» **Task to carry out**: Task for the records below: copy exactly from the first line on, stopping once the line with "Rokudenashi Blues Chapter 405 - Page 19" is copied, and leave out the pictures.

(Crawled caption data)

BEGIN

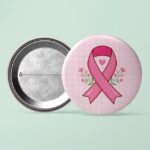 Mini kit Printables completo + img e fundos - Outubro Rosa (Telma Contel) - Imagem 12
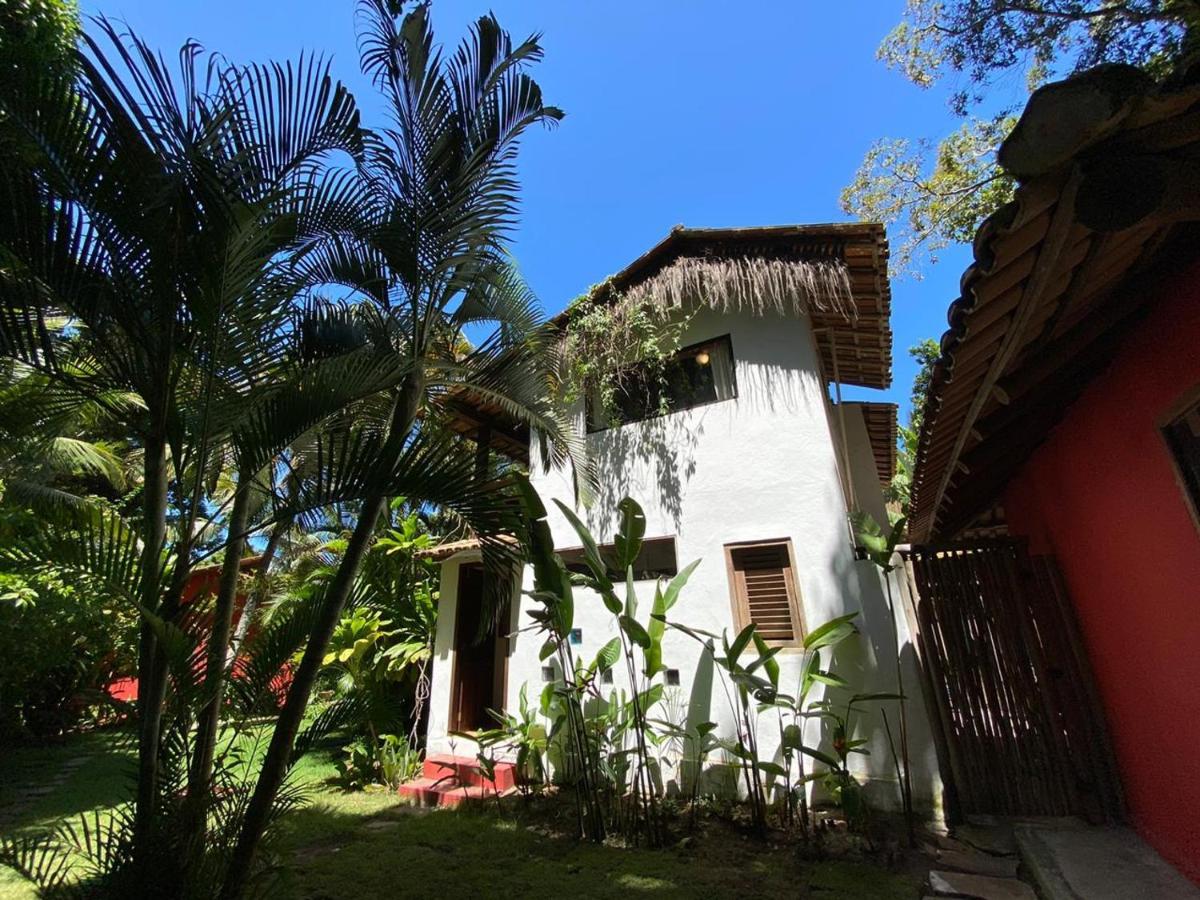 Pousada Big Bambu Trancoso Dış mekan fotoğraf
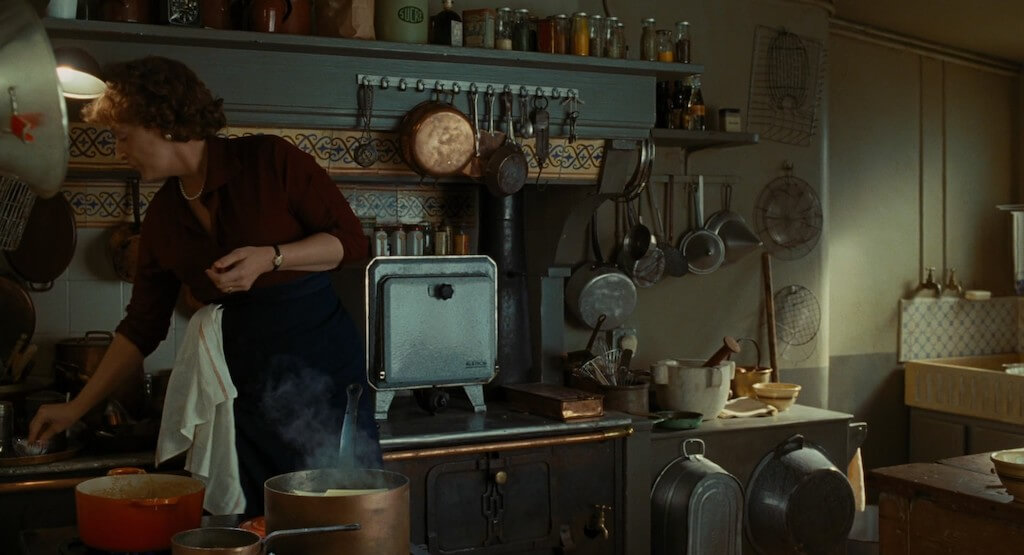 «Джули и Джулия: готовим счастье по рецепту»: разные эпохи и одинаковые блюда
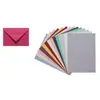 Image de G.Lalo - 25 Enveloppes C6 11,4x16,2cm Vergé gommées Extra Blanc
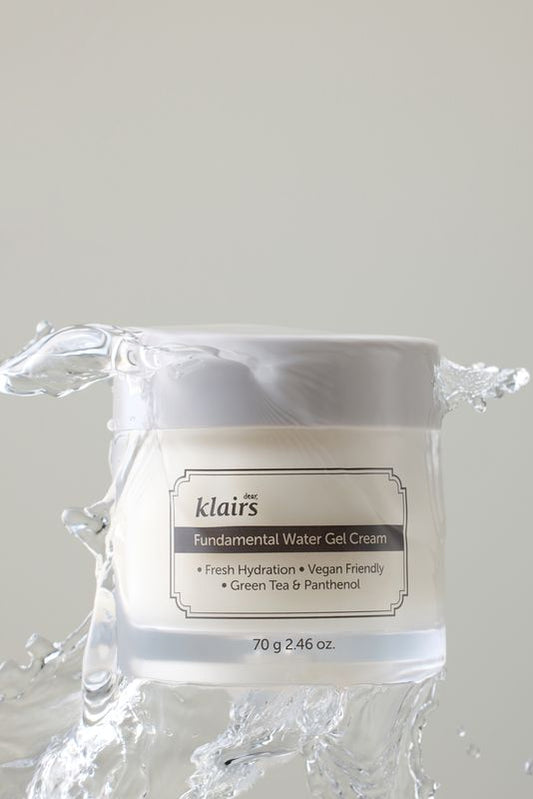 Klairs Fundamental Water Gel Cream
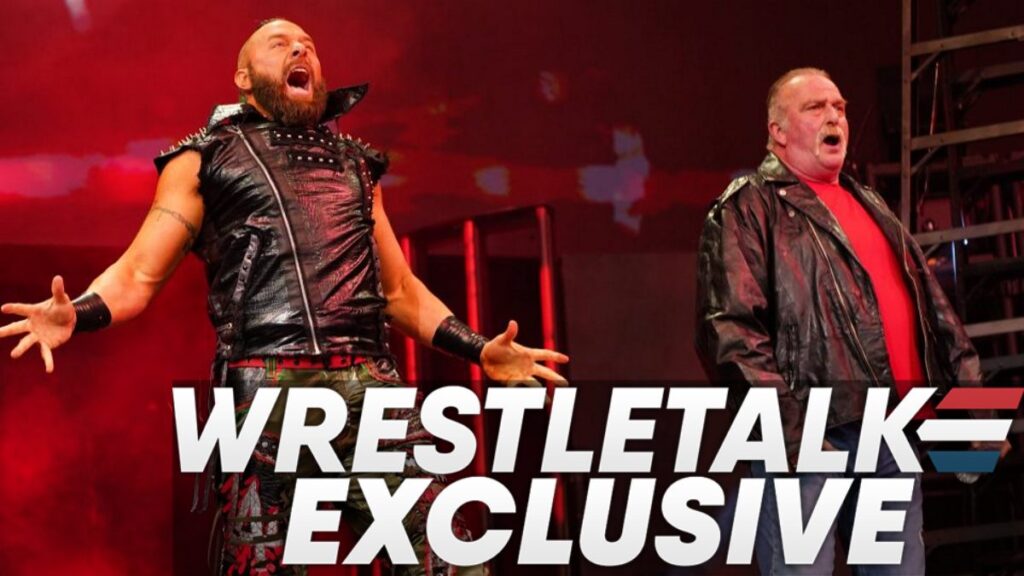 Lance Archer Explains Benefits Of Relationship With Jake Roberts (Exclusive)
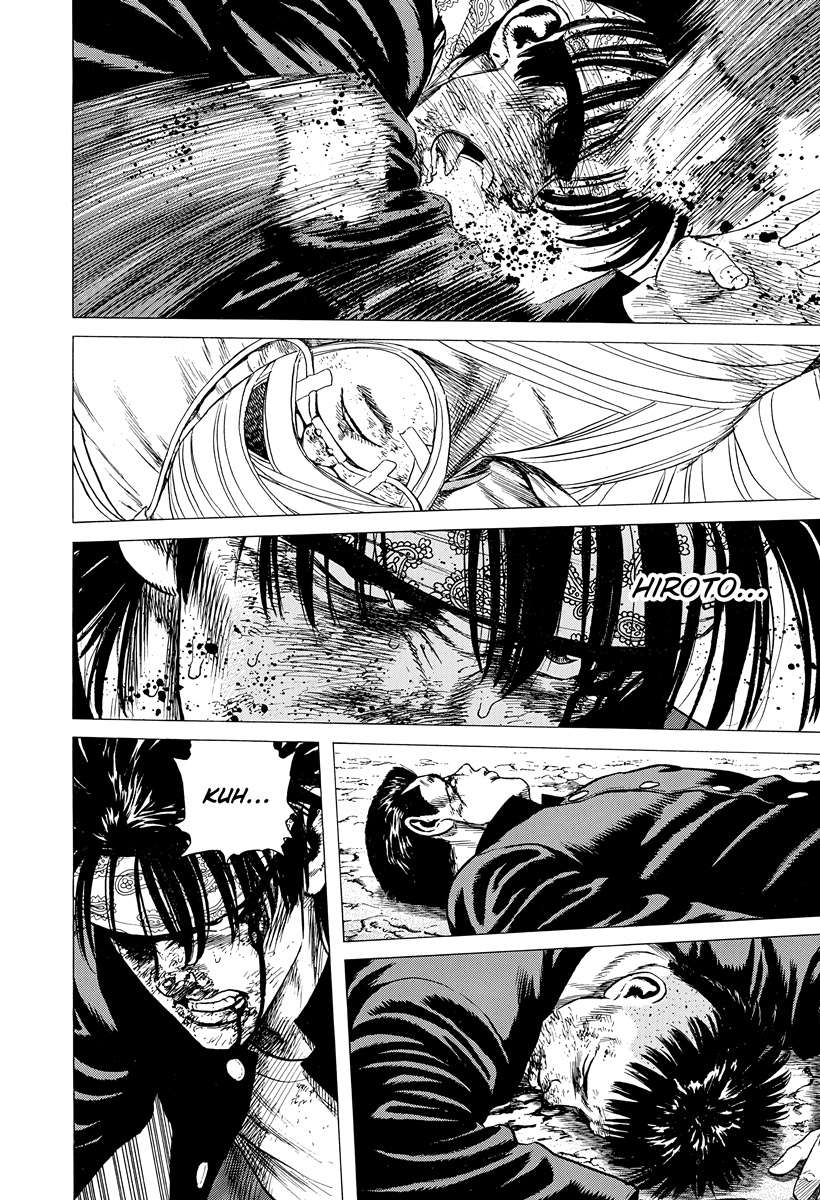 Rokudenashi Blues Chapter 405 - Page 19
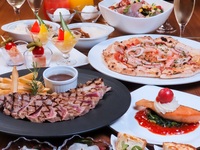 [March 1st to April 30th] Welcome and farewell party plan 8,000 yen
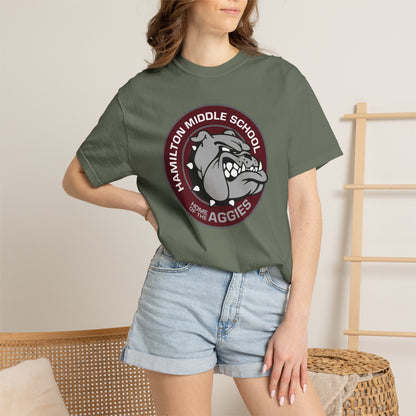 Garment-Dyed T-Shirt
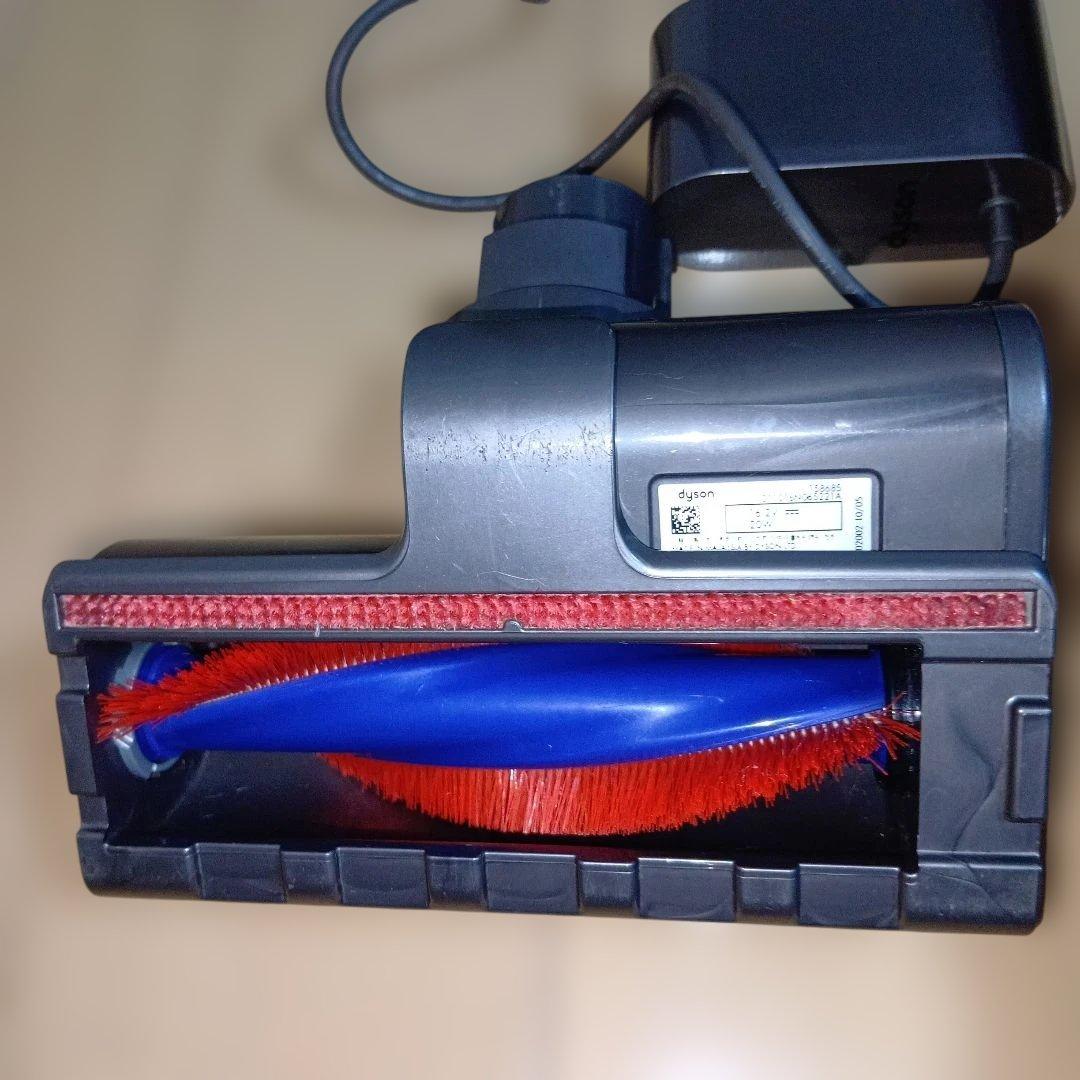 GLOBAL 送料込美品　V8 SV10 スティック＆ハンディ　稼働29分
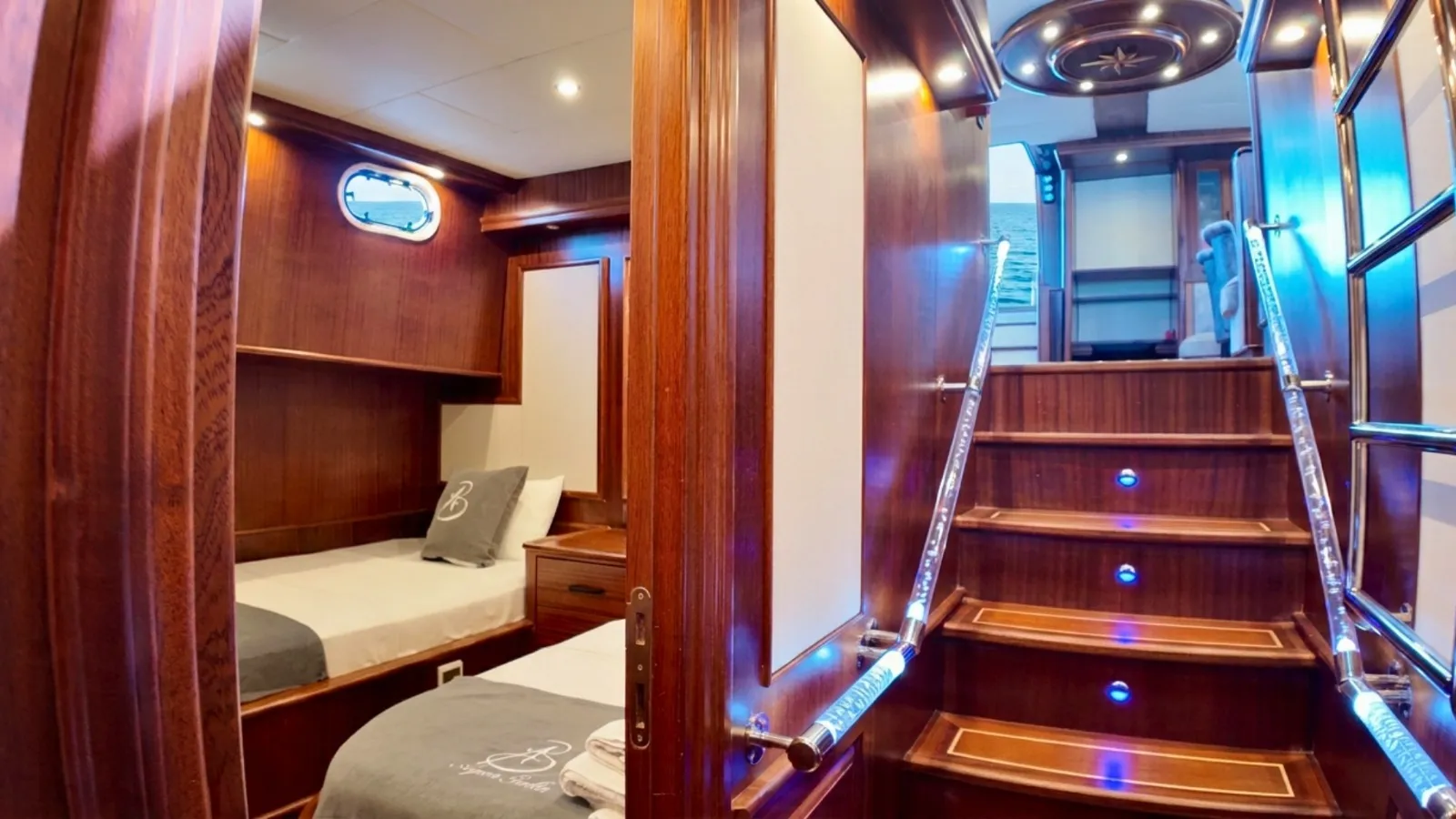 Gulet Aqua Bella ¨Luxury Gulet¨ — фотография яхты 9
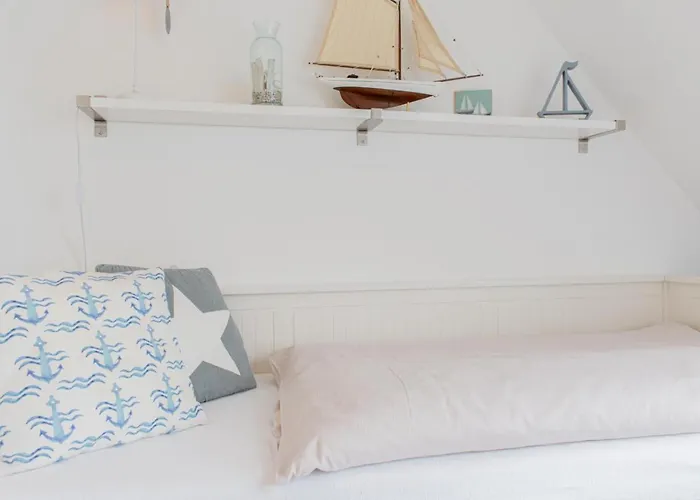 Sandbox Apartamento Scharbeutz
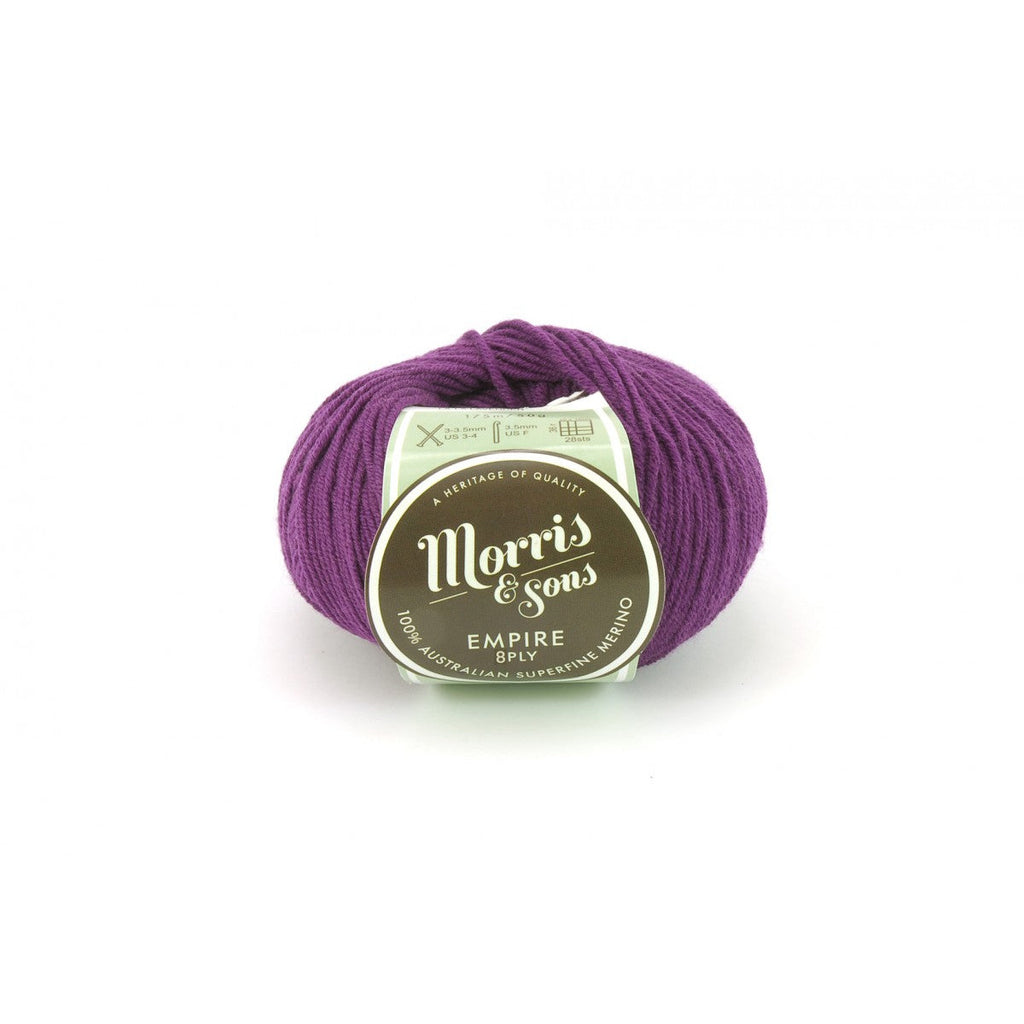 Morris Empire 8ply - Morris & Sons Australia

END

» **The completed task**:
 Mini kit Printables completo + img e fundos - Outubro Rosa (Telma Contel) - Imagem 12
 Pousada Big Bambu Trancoso Dış mekan fotoğraf
 «Джули и Джулия: готовим счастье по рецепту»: разные эпохи и одинаковые блюда
 Image de G.Lalo - 25 Enveloppes C6 11,4x16,2cm Vergé gommées Extra Blanc
 Klairs Fundamental Water Gel Cream
 Lance Archer Explains Benefits Of Relationship With Jake Roberts (Exclusive)
 Rokudenashi Blues Chapter 405 - Page 19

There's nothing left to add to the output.